The nameless protagonist, whom we'll call Ingvar, is a young single male who lives alone, works part-time in a video shop, and spends his evenings eating take-out food and watching films. His only friend, Roger, stops in at the video store from time to time to help him eat his lunch, but otherwise offers little in the way of conversation or companionship. When Ingvar receives his "bill," he tosses it into the trash. He hasn't paid much attention to the publicity surrounding the government initiative and the sum is absurdly high. After the third or fourth notice arrives, he comes to recognize that the bill is actually meant for him, but he's confident there's been some mistake, and he spends the rest of the book trying to find out what's really going on.

This quest soon leads to a contact in the bureau named Maud, with whom Ingvar spends lots of time on the phone—to his delight. He also makes several visits to bureau headquarters, where executives attempt to demonstrate, using psychological profiles and a bulging file of data regarding the details of his private life, that Ingvar's been a lot happier than he thinks over the years. The time has come to pay up.

Trouble is, Ingvar hasn't got any money. He makes an  effort to recall distressing and hitherto overlooked episodes in hopes of getting his bill renegotiated, but when the facts are fed into the relevant algorhythms, the invoice only climbs higher.

There is a certain mild interest to the concept undergirding this narrative. It raises interesting questions about the degree to which status, money, and social engagement relate to happiness. But Ingvar's telephone conversations with his caseworker, Maud, are what keep the story lively.

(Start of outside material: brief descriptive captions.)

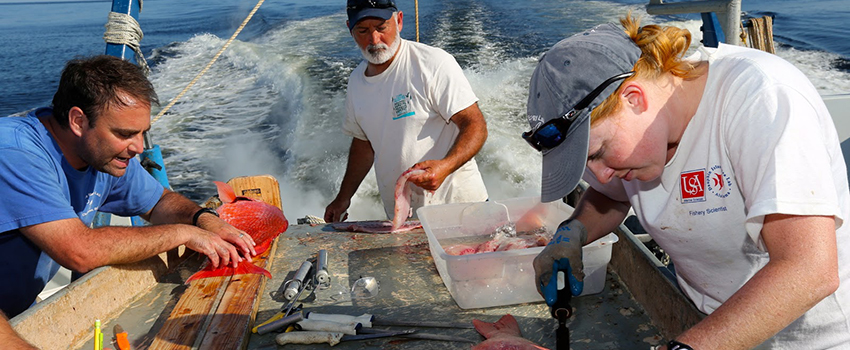 Professors and student working on fish on a boat for Marine Conservation.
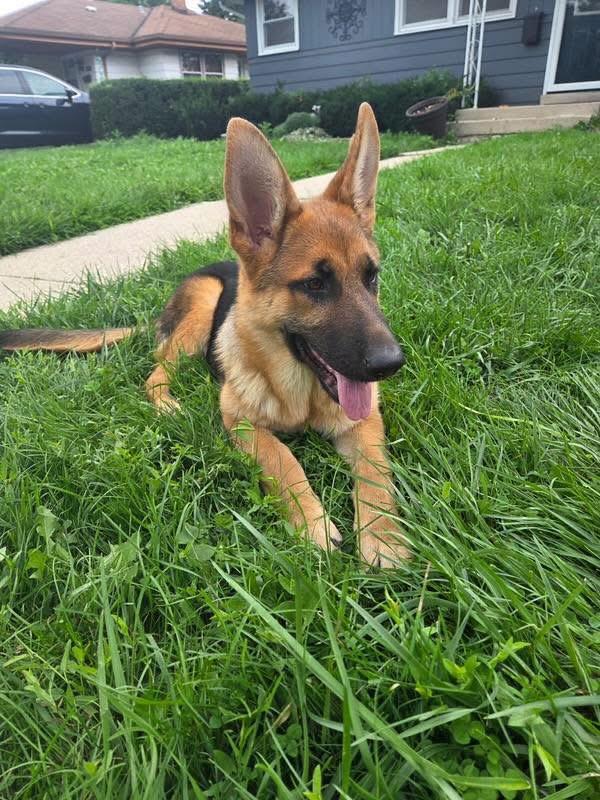 Enlarge Amber, a Adopted German Shepherd Dog in Racine, WI image 1/6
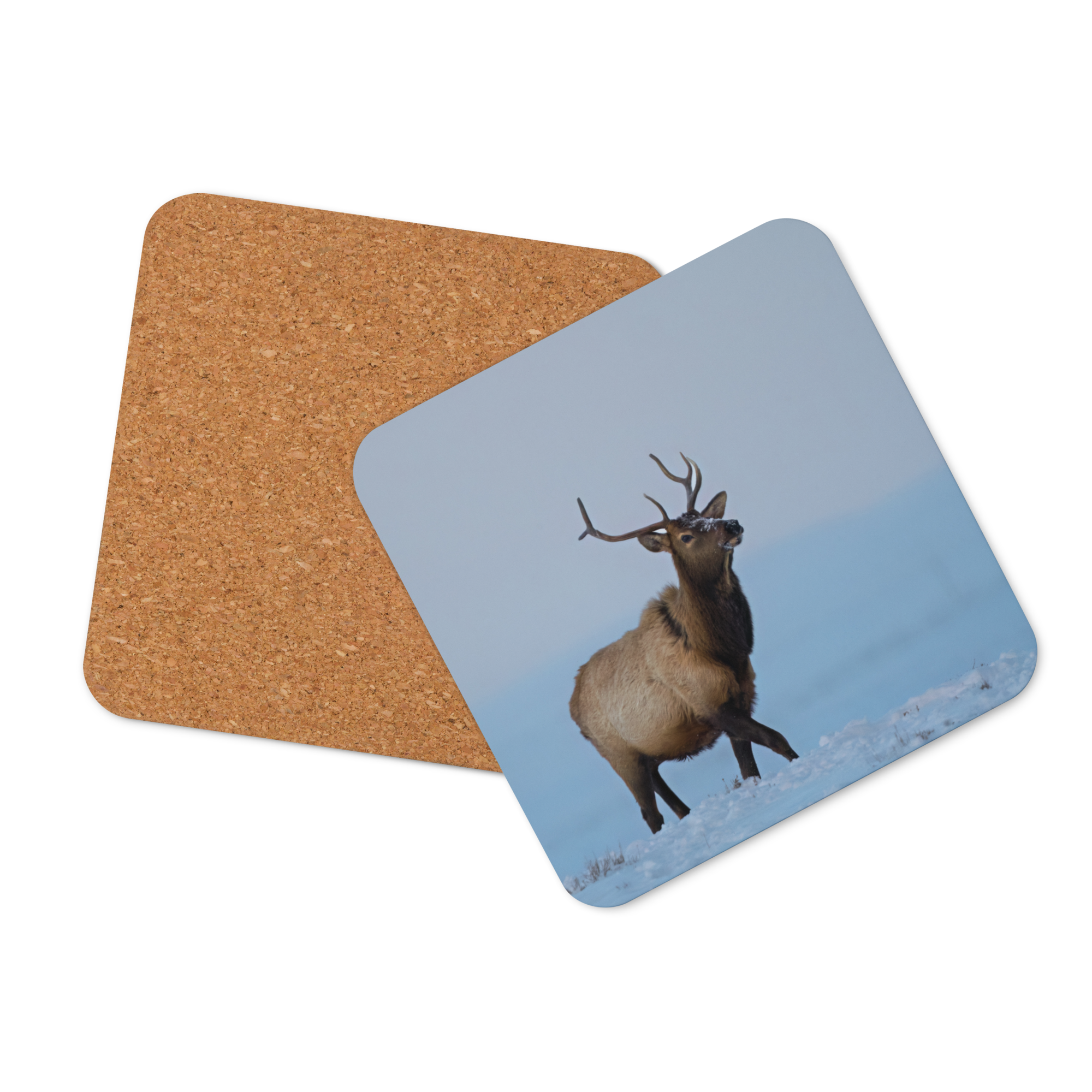 Elk Cork-back coaster - The Overland Diaries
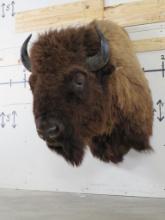 Buffalo/Bison Sh Mt TAXIDERMY
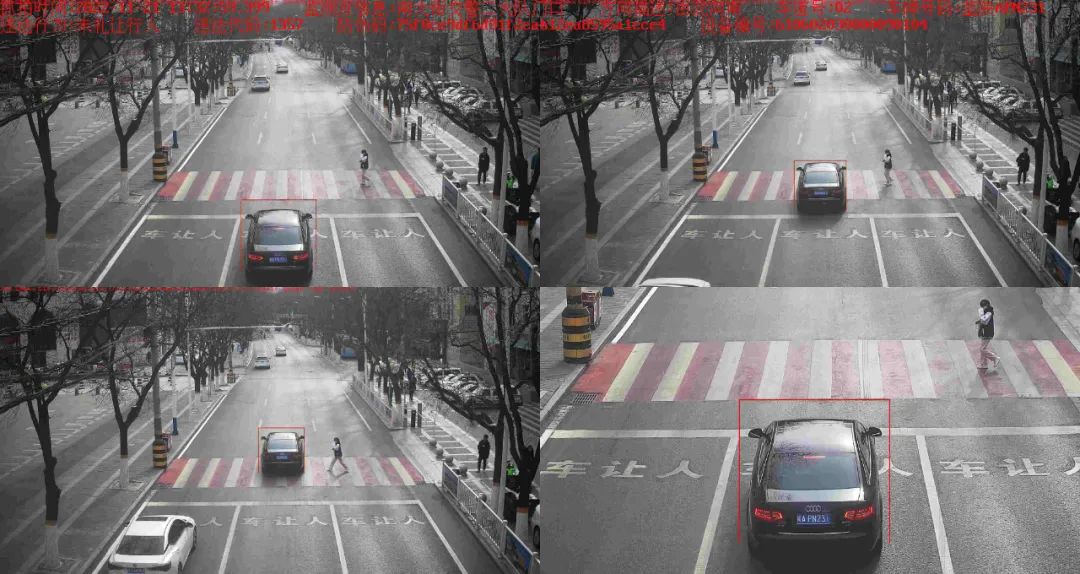 百日行动交警违法曝光,百日安全行动违规车辆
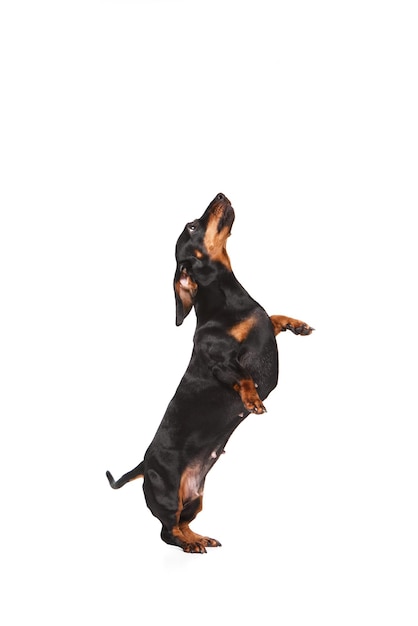 Czystej rasy uroczy pies czarny dachshund stojący na tylnych nogach odizolowany na białym tle studia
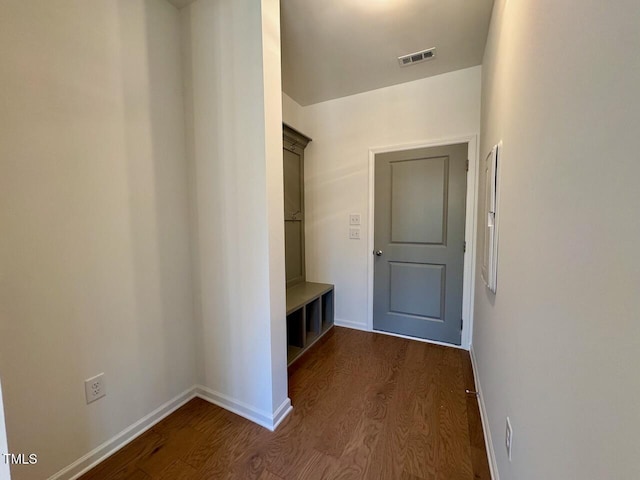 mudroom with dark wood-type flooring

Karlsson weaves in one or two details from Ingvar's film-watching life to add complexity to this budding relationship, and it saves the book in a way I wouldn't want to describe here.

In the end, many readers will remain unconvinced that Ingvar is really all that happy. If not, then somebody did make a mistake. And in any case, why should someone have to pay for having been born with a copacetic disposition? Wouldn't it be better to assign him some sort of community service, considering that money doesn't seem to buy happiness anyway?